YOUR INSTRUCTIONS → Which lines run from the one with "Pengunjung melihat koleksi" through the end of the data? Retype them exactly, without pictures.

(RECORDS TO PROCESS begins)

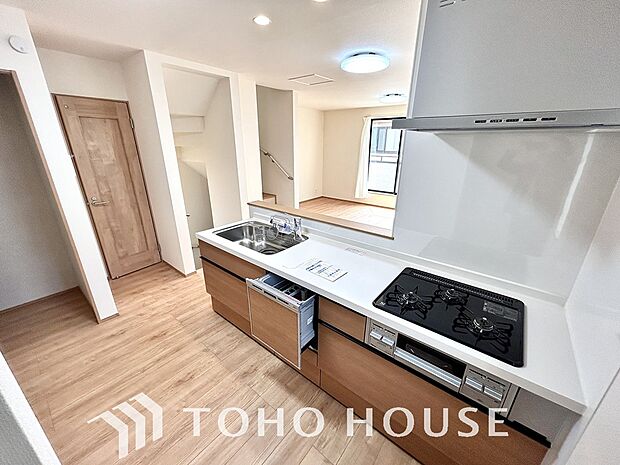 お料理の上手な方が、独壇場でお料理の腕を披露するスタイルに向いているキッチンです。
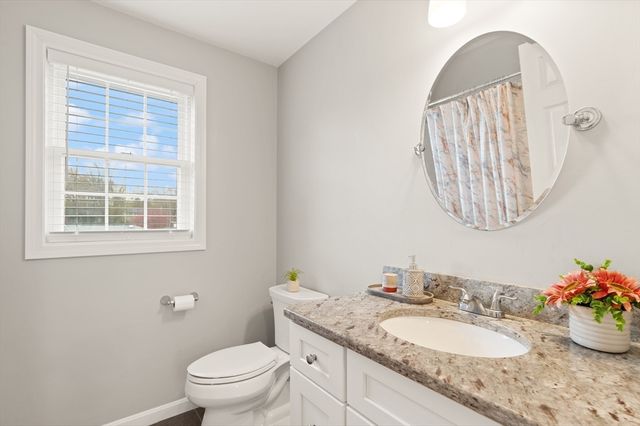 39 Sewell St, Brockton, MA 02301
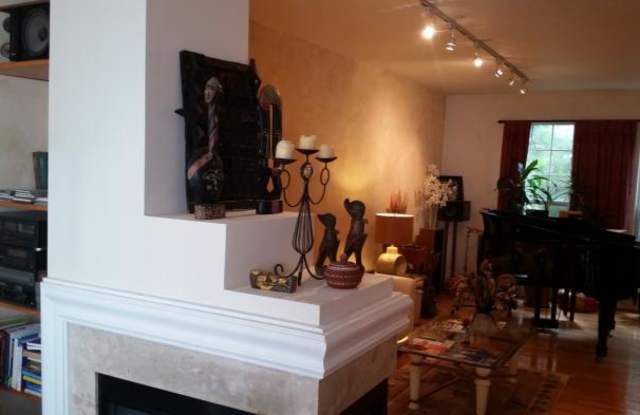 6023 Riddle Walk Gallery 3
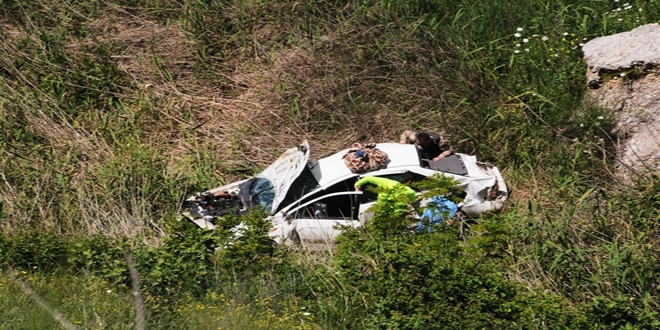 Otomobil şarampole yuvarlandı: 1 polis yaralı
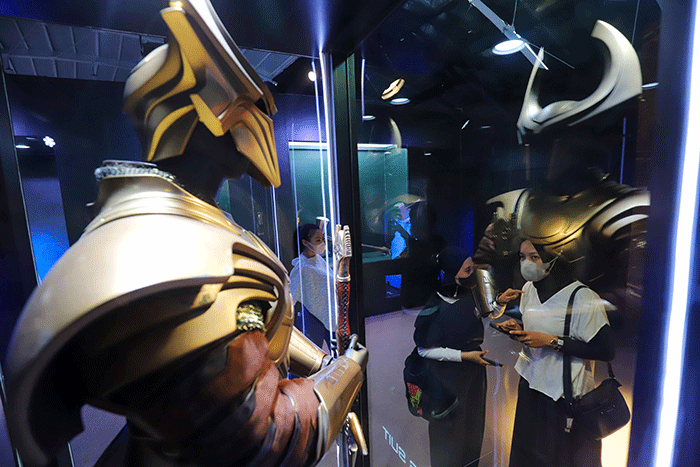 Pengunjung melihat koleksi Marvel Studios dalam pameran yang berlangsung di City Hall PIM 3, Jakarta Selatan, Sabtu (4/6/2022).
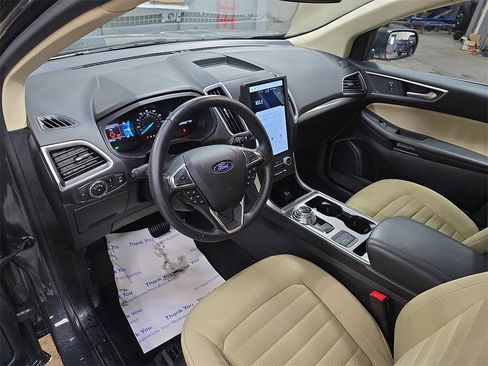 Used 2023 Ford Edge SEL w/ Convenience Package image 18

(RECORDS TO PROCESS ends)

ANSWER BOX →
 Pengunjung melihat koleksi Marvel Studios dalam pameran yang berlangsung di City Hall PIM 3, Jakarta Selatan, Sabtu (4/6/2022).
 Used 2023 Ford Edge SEL w/ Convenience Package image 18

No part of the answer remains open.